_TASK STATEMENT_:
Exactly the lines from the one containing "Разнообразие глаз. Радужная" through the one containing "dark skinned twins viral video" in the listing below are to be copied, with the pictures left out.

§ §

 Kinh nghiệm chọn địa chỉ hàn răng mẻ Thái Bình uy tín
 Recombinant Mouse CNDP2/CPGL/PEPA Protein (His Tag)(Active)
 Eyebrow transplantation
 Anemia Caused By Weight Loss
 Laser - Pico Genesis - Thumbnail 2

§ §

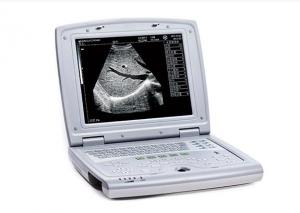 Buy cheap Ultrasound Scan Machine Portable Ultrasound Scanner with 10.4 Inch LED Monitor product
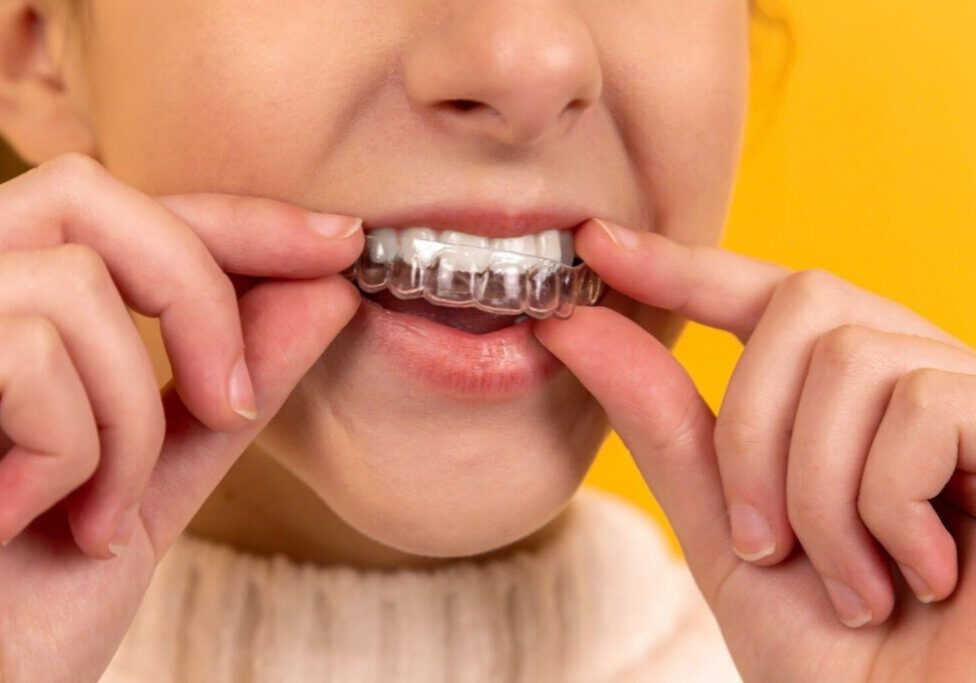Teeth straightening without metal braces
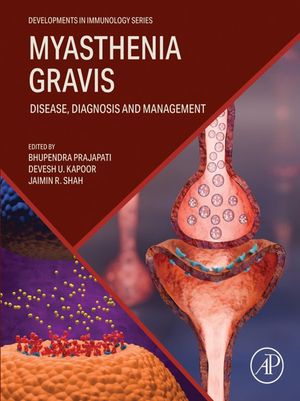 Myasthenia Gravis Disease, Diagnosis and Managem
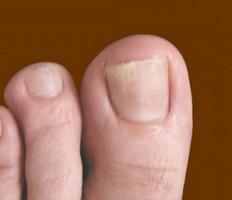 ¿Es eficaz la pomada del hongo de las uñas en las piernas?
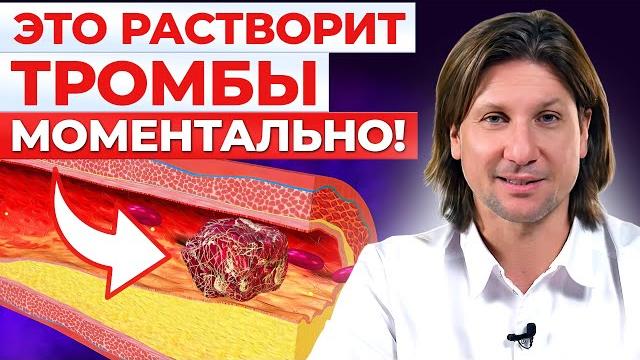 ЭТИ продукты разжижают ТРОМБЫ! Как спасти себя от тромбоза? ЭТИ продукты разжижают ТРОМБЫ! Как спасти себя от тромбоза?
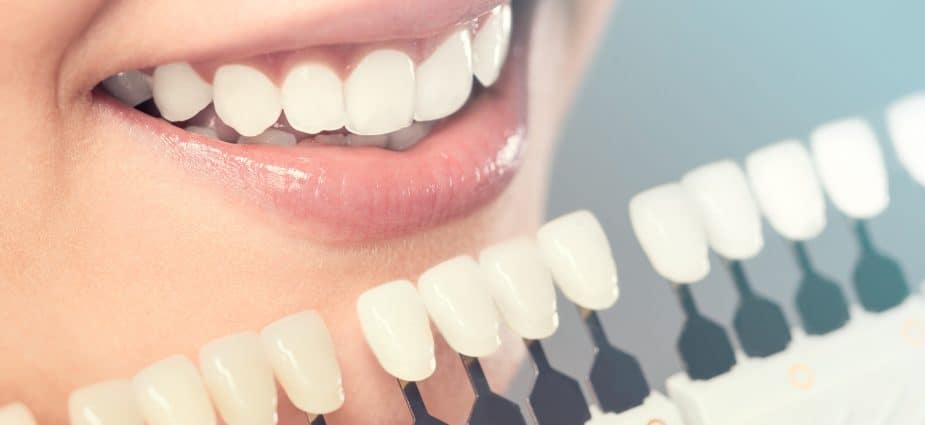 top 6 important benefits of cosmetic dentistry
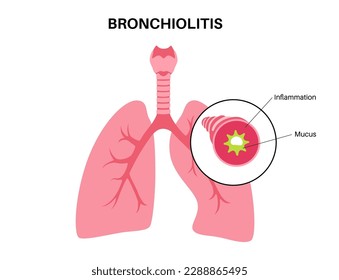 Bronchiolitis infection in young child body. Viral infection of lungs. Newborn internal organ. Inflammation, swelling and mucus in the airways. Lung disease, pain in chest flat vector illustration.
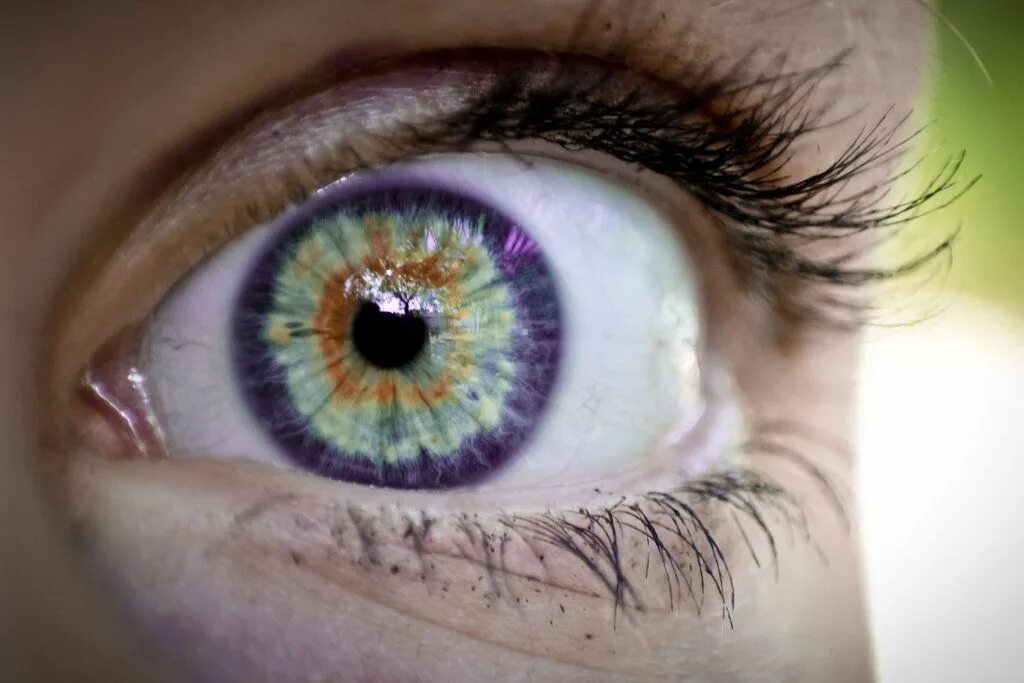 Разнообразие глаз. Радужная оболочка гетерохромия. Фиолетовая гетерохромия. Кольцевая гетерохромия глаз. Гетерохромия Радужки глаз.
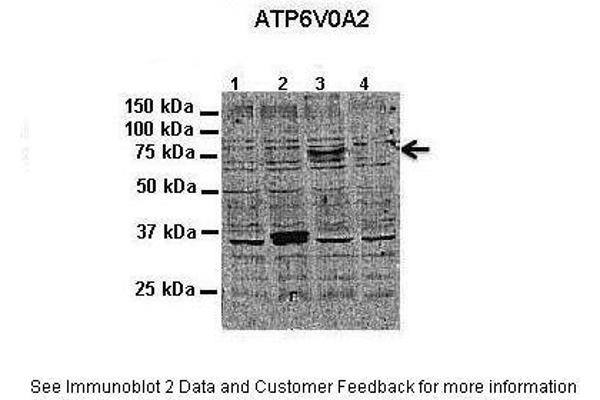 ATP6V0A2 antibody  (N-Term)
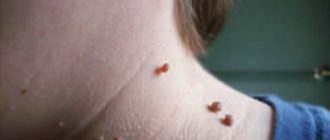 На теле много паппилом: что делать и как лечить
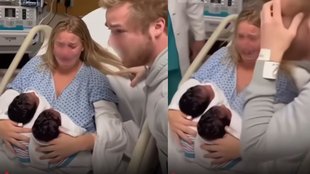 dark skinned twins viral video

§ §

_FINISHED TASK_:
 Разнообразие глаз. Радужная оболочка гетерохромия. Фиолетовая гетерохромия. Кольцевая гетерохромия глаз. Гетерохромия Радужки глаз.
 ATP6V0A2 antibody  (N-Term)
 На теле много паппилом: что делать и как лечить
 dark skinned twins viral video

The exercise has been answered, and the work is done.